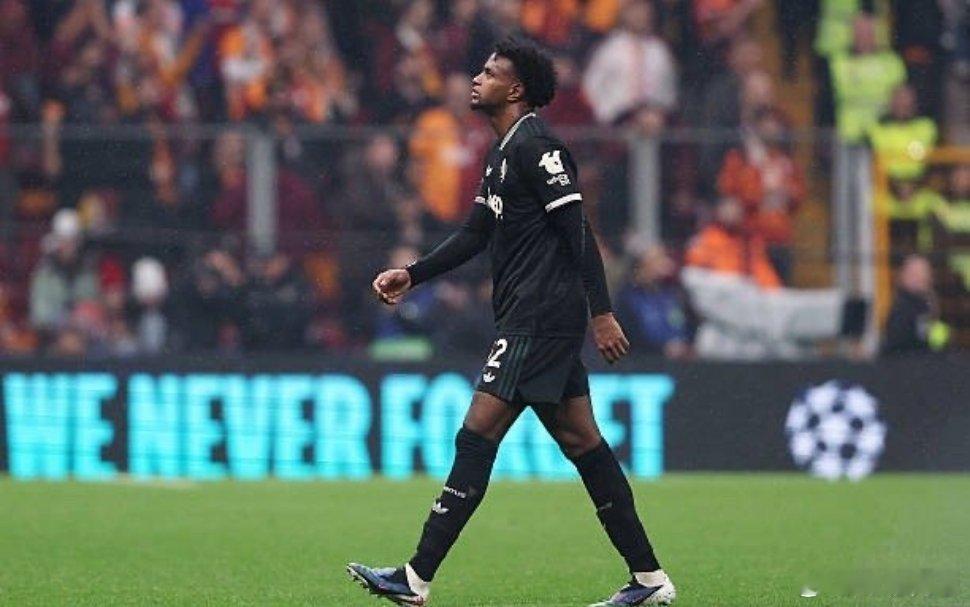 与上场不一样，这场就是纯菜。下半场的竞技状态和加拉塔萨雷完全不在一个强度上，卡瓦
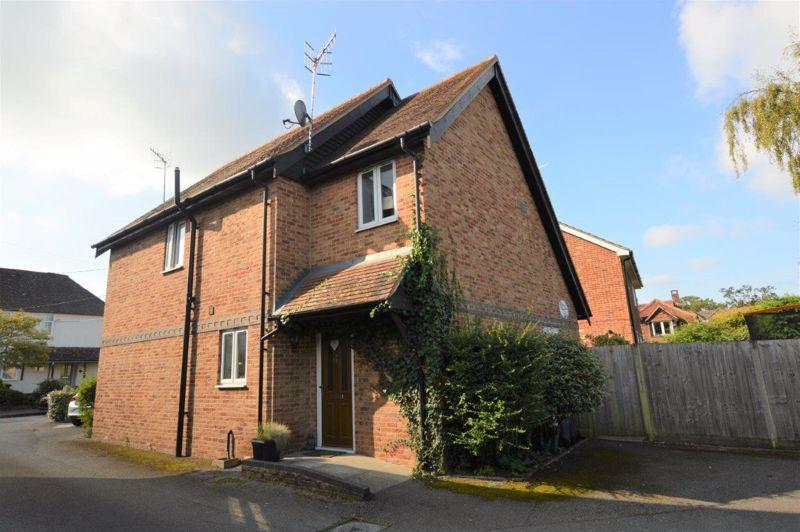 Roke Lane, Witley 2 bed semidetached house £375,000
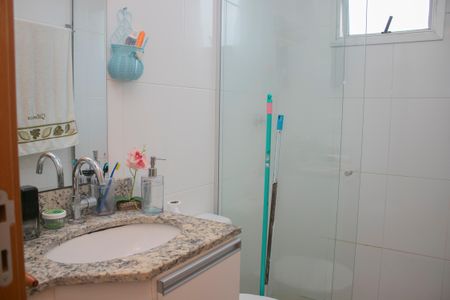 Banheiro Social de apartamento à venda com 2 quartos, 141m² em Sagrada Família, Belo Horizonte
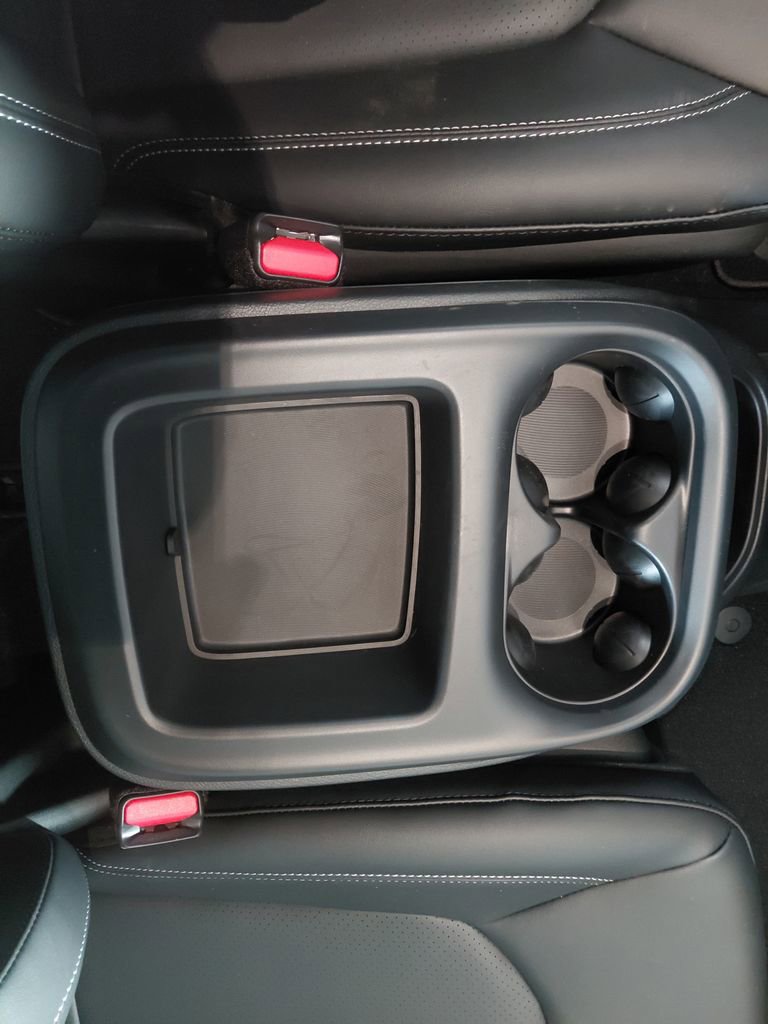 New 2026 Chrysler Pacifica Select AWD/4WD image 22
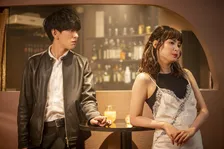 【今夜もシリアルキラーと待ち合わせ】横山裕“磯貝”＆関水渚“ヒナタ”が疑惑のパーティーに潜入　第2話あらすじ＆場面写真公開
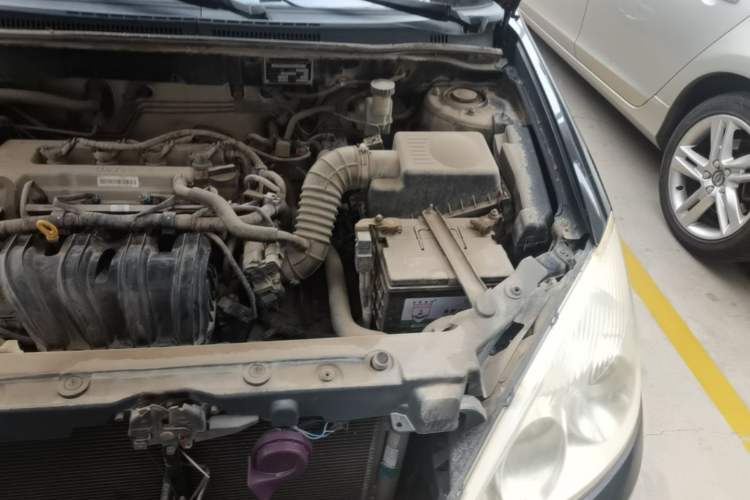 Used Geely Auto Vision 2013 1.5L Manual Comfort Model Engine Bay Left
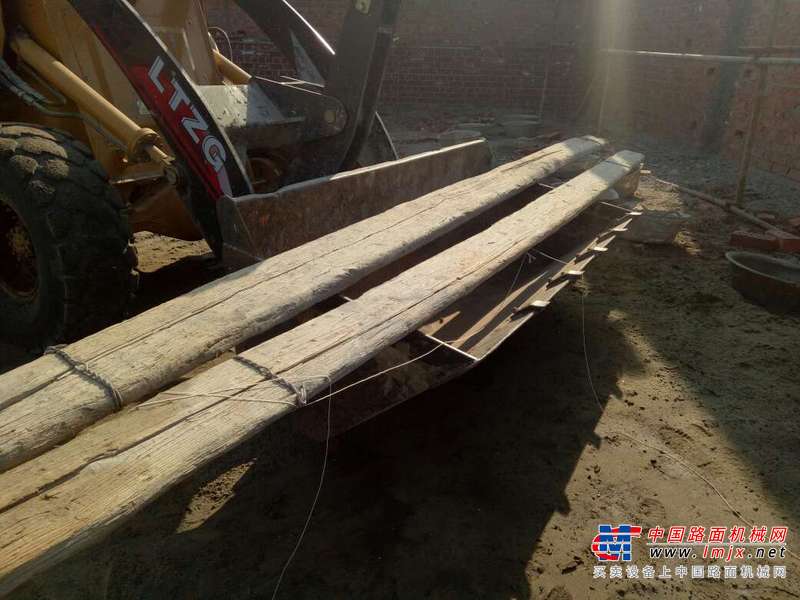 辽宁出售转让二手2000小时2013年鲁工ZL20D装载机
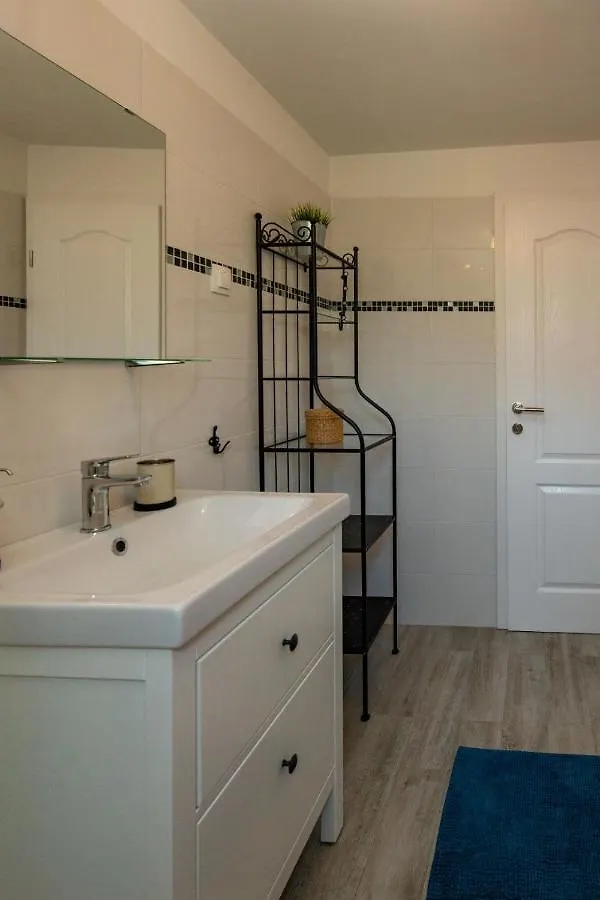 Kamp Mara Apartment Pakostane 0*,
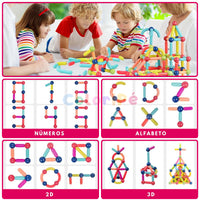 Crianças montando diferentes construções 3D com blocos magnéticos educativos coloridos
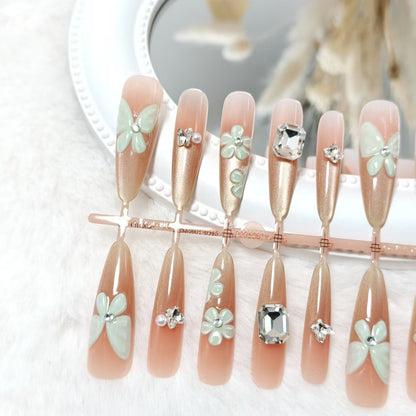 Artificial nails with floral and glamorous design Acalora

++++++++

- **Instructions for the task**
The answer must consist only of the lines from the beginning of the entries above through the line that holds "Used Geely Auto", reproduced exactly and without pictures.

- **Written reply**
 与上场不一样，这场就是纯菜。下半场的竞技状态和加拉塔萨雷完全不在一个强度上，卡瓦
 Roke Lane, Witley 2 bed semidetached house £375,000
 Banheiro Social de apartamento à venda com 2 quartos, 141m² em Sagrada Família, Belo Horizonte
 New 2026 Chrysler Pacifica Select AWD/4WD image 22
 【今夜もシリアルキラーと待ち合わせ】横山裕“磯貝”＆関水渚“ヒナタ”が疑惑のパーティーに潜入　第2話あらすじ＆場面写真公開
 Used Geely Auto Vision 2013 1.5L Manual Comfort Model Engine Bay Left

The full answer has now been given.